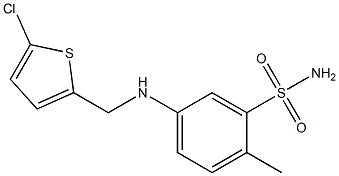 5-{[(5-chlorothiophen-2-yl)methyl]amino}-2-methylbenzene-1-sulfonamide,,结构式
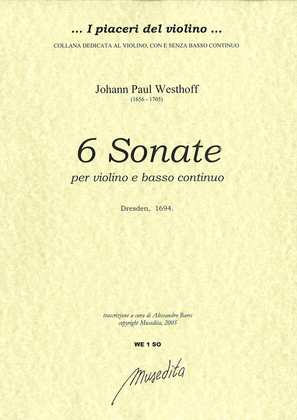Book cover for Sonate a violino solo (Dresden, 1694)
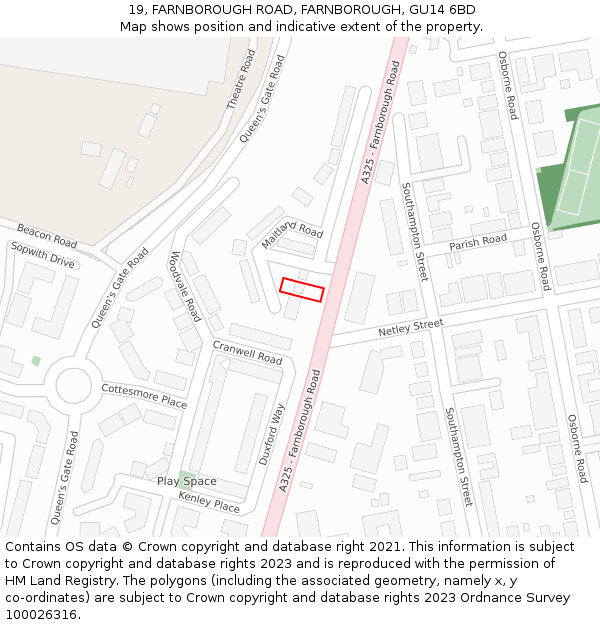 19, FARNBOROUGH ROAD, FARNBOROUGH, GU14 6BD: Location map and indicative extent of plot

■ ■ ■ ■

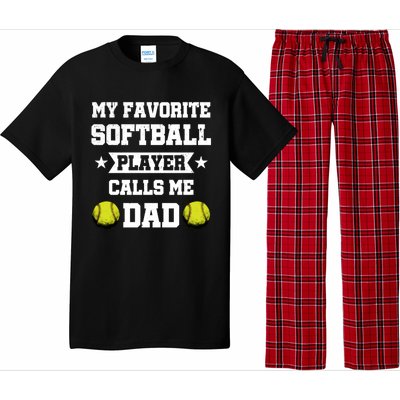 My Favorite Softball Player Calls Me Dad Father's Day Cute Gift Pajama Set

■ ■ ■ ■

- Task directions
Give again, exactly as written above, every line from the one holding "Book cover for" to the one holding "19, FARNBOROUGH ROAD, FARNBOROUGH, GU14", with both ends kept and the pictures left out.

- Expected answer
Book cover for Sonate a violino solo (Dresden, 1694)
 19, FARNBOROUGH ROAD, FARNBOROUGH, GU14 6BD: Location map and indicative extent of plot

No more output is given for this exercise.